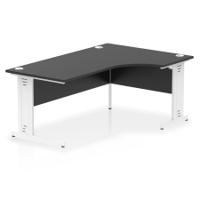 Impulse 1800mm Right Crescent Office Desk Black Top White Cable Managed Leg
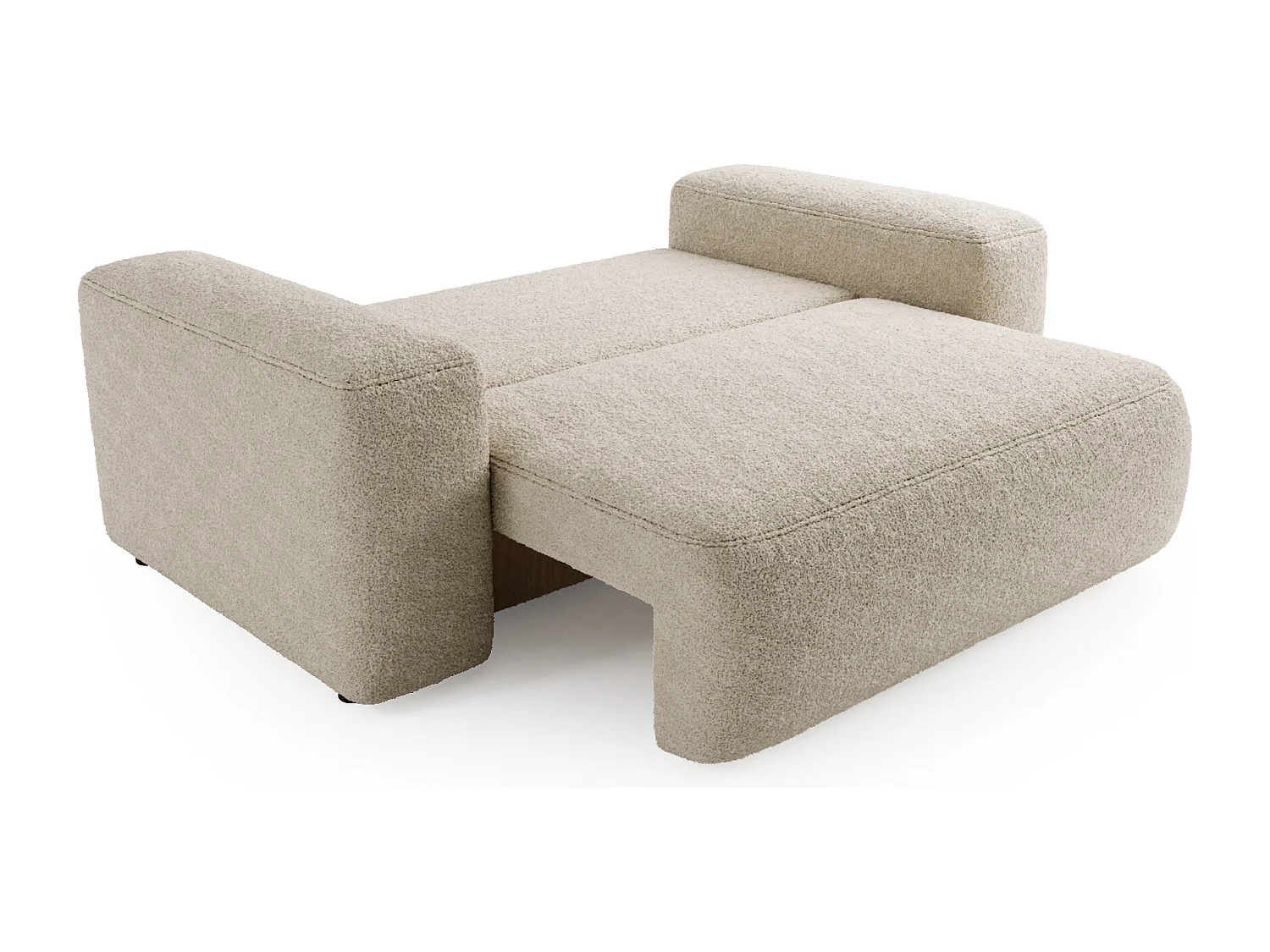 BESILIO Sofa rozkładana tapicerowana Ornello- okrągłe poduszki, sofa dwuosobowa, z funkcją spania, kanapa wolnostojąca, boucle - Jasnoszary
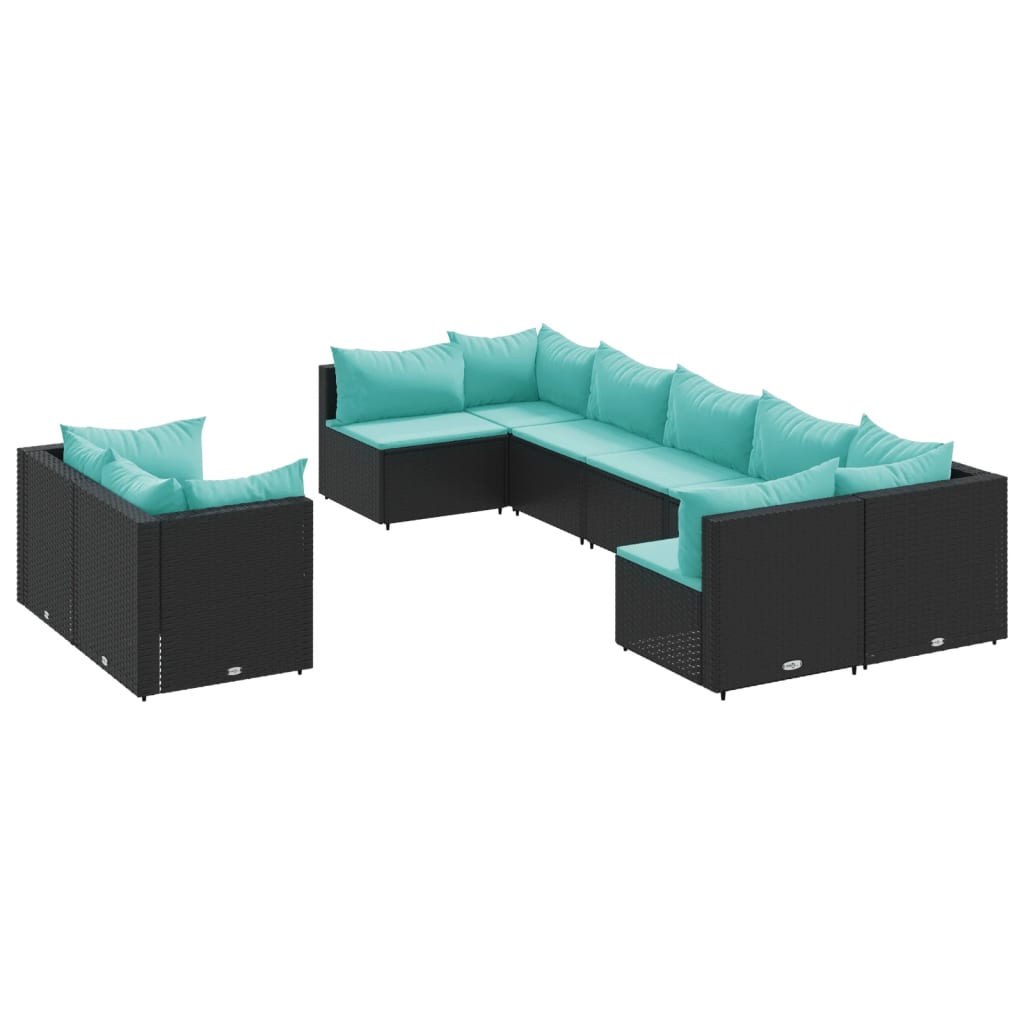 9 részes fekete polyrattan kerti ülőgarnitúra párnákkal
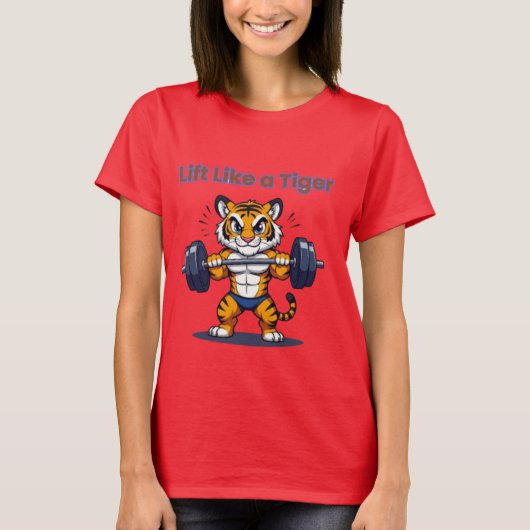 **Strong Tiger – Cute Tiger Lifting Weights Illust Tシャツ (正面)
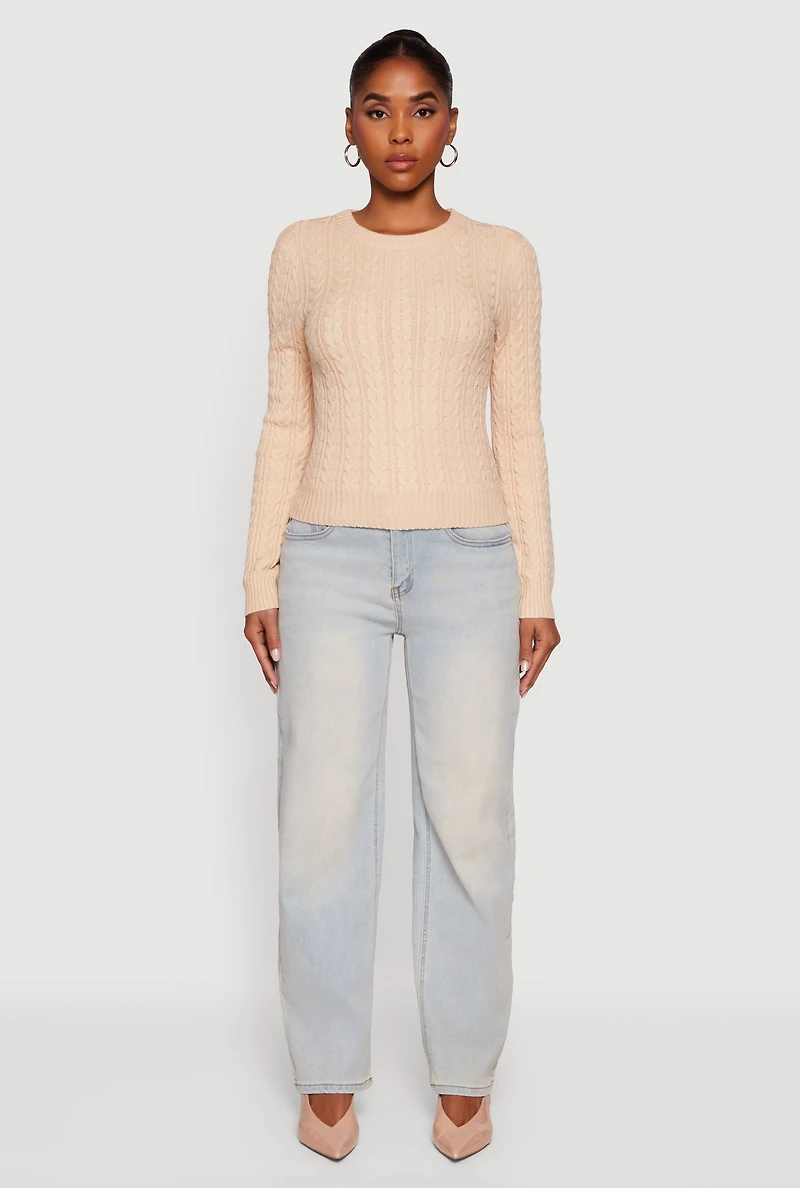 Womens Cable Knit Long Sleeve Crew Neck Sweater, Beige, Size S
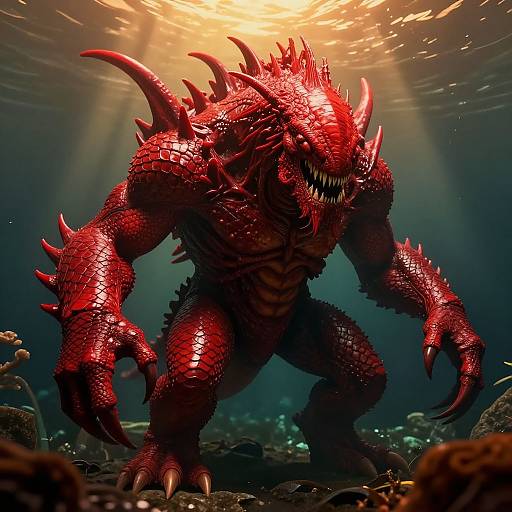 Digital CGI of a massive, red, scaly, spiked monster with sharp teeth and claws, standing underwater amidst coral, illuminated by sunlight.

——————

**WHAT YOU WILL DO**
Skip every picture and retype only the lines from the line with "BESILIO Sofa rozkładana" through the last line of the listing, both ends included, exactly as they appear.

**PROBLEM SOLUTION**
 BESILIO Sofa rozkładana tapicerowana Ornello- okrągłe poduszki, sofa dwuosobowa, z funkcją spania, kanapa wolnostojąca, boucle - Jasnoszary
 9 részes fekete polyrattan kerti ülőgarnitúra párnákkal
 **Strong Tiger – Cute Tiger Lifting Weights Illust Tシャツ (正面)
 Womens Cable Knit Long Sleeve Crew Neck Sweater, Beige, Size S
 Digital CGI of a massive, red, scaly, spiked monster with sharp teeth and claws, standing underwater amidst coral, illuminated by sunlight.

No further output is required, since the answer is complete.